At 29 janeiro, 2007 14:39, Anonymous Anónimo said...

Ao passar em casa para levar uns documentos vim ao PC, juro que me lembrei de aqui vir, pensei: deixa-me ver se este gajo já deu sinal de vida? - ai, se a minha mãe soubesse que assim o tratava mesmo em pensamento, não me livrava de levar uns estalos pela má educação.

Voltou e em força meu caro, que texto, gostei de voltar a ler os seus escritos, vamos ao café, marque o dia.

 
At 29 janeiro, 2007 17:10, Blogger Maria said...

Ah, como eu te percebo, Besnico.
Os amores de juventude nunca se esquecem...
Voltaste em grande, com uma estória linda.
Não fiques tanto tempo sem aparecer...
Beijo

 
At 30 janeiro, 2007 08:53, Blogger susana said...

Andaste mais tempo ausente que eu..seu preguiçoso!
Quantas pessoas não amamamos, gostamos, ou será que apenas desejamos em segredo..., lembro-me de ficar feliz, só de o ver passar!Algumas chegamos lá, outras ficamos só pela observação!Não podemos ter tudo na vida!
Deves ter gostado da musica que tenho no blog...jazz, Diana Krall.
Já que gostas tanto, vou-te indicar um sítio no Porto
onde o podes ouvir, ServArtes, perto do cruzamento da constituição com Serpa Pinto.

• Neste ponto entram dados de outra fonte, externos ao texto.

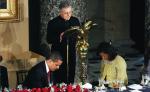 Prezydent USA i jego żona pochylają głowy na błogosławień- stwo ojca Daniela Coughlina, pierwszego katolickiego kapelana Kongresu USA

O ambiente é geralmente para pessoas com mais de 30, (tem poucos putos)!Se chegares cedo tens onde sentar e ainda podes ver exposiões de arte.
Se a tua patroa nao estiver disposta e um dia quiseres lá ir, diz!
beijinhos da tua amiga miss

 
At 30 janeiro, 2007 12:05, Blogger Besnico di Roma said...

Olá miss!
Registei o convite. Estou a poucos meses de me reformar, nessa altura terei disponibilidade para visitar todos os amigos “virtuais” e claro está, vamos ao Jazz contigo como “cicerone” dessa maravilhosa cidade invicta?!... ou será “imbicta”?!... eheheh
Beijitos miúda, fica bem.

 
At 30 janeiro, 2007 12:08, Blogger Besnico di Roma said...

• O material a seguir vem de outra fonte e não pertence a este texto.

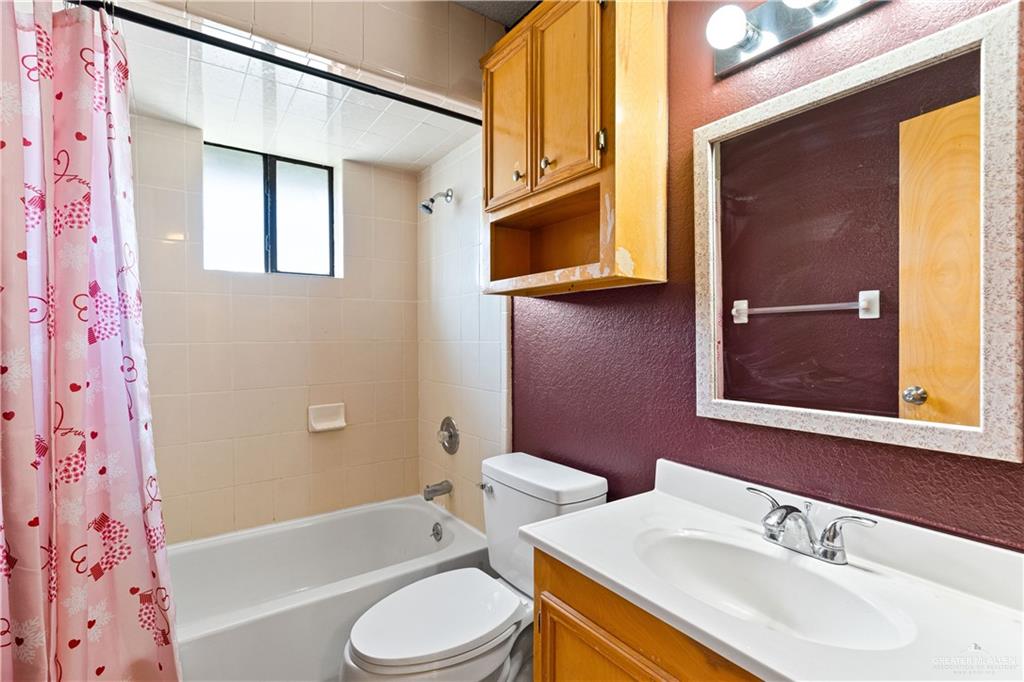 Photo 8 of 1303 Camelia Avenue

Maria, tiveste saudadinhas minhas foi?...
Que gira… beijitos.

 
At 30 janeiro, 2007 12:13, Blogger Besnico di Roma said...

Juda, amigão.
Não sejas tão formal, desta vez vamos ao café, prometo.
Vou enviar-te um e-mail a combinar, já que não usas o TM e eu não sei o teu.
Um abraço.

 
At 30 janeiro, 2007 13:51, Blogger Maria Carvalhosa said...

Olá meu amigo Besnico,

Já tinha saudades das tuas palavras.

Tens aqui um belo texto e "macacos me mordam" se não é autobiográfico ;).

Grande abraço e um beijinho.

 
At 30 janeiro, 2007 17:04, Blogger Papoila said...

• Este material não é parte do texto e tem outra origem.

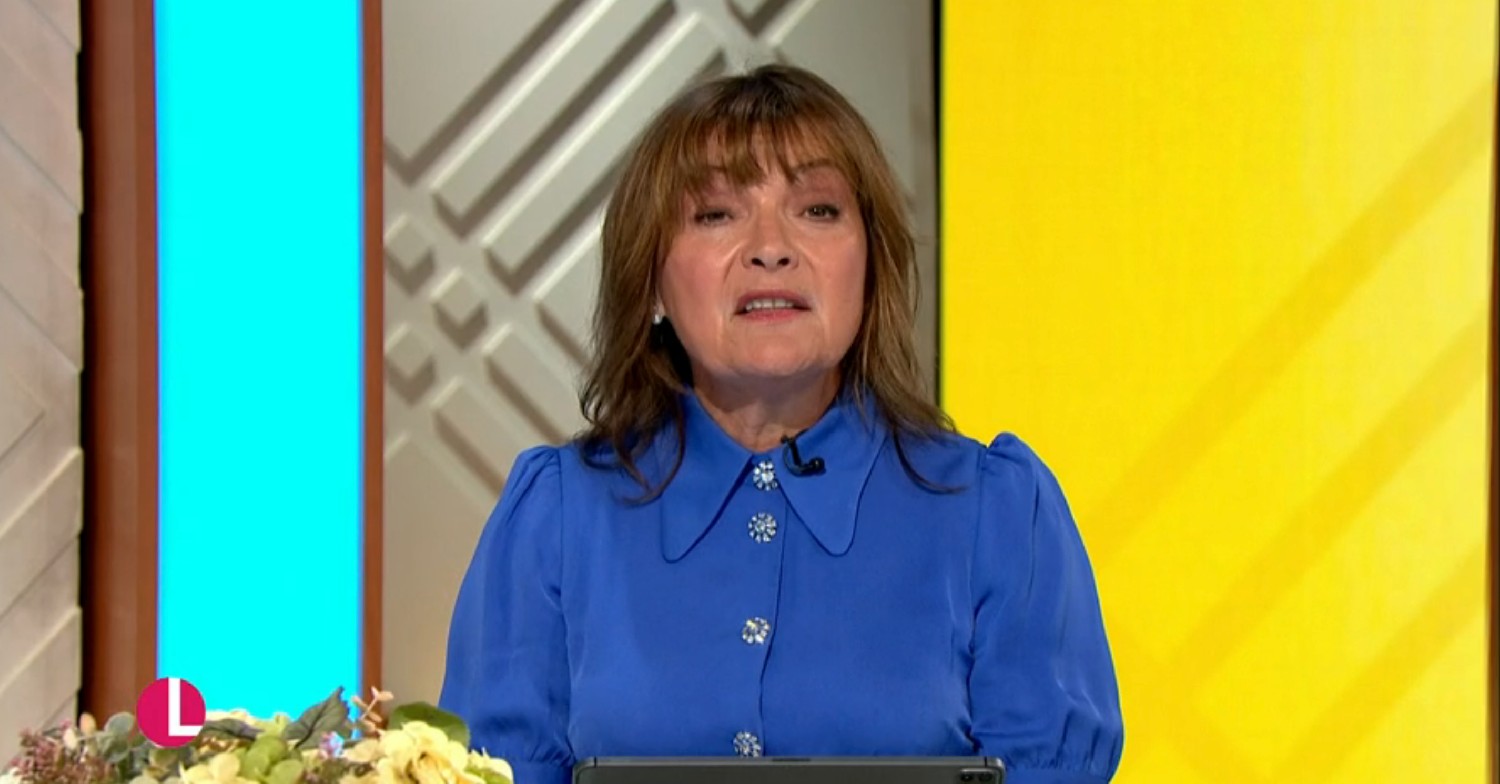 Lorraine Kelly wearing a blue shirt on Lorraine today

Muito bonito este texto e até que enfim que escreves meu patife! Há quanto tempo não lia nada teu. O pormrnor do pão com manteiga na mão e a fralda da camisa de fora delicioso.
Tantos que ficam só no olhar mas marcam!
Beijo

 
At 31 janeiro, 2007 00:37, Blogger Flôr said...

Que bom Besnico....voltaste em força!!!
Gostei muito da tua estória.
Todos nós, (acho eu) temos uma recordação de um amor em segredo....
Beijinho.

 
At 31 janeiro, 2007 09:44, Blogger jorge esteves said...

Uma história adequada a um regresso. Quase me pareceu estar na plateia do Trindade a ver uma fita do Tennessee Williams...
Gostei especialmente daquele final em tons de sépia, com o som de um saxo lânguido, em fundo, saído da aparelhagem do carro que se afasta...
'Tá bem!'Tou a inventar...
Mas gostei!
Um abraço.

p.s. - enganaste-te: não é! a mula nunca aceitaria passar de cavalo para burro. Confuso, não?...

 
At 31 janeiro, 2007 11:59, Blogger Besnico di Roma said...

Meu caro “TINTA PERMANENTE” na verdade enganei-me. Mas já me ri hoje à custa do teu comentário.
Apresenta por mim as minhas desculpas à mula.
Só gostava de ver a cara de quem ler estes comentários e não perceber de que estamos a falar.
Mas eu sou bonzinho, gravatem no blog TINTA PERMANENTE, vejam os comentários e logo vão perceber.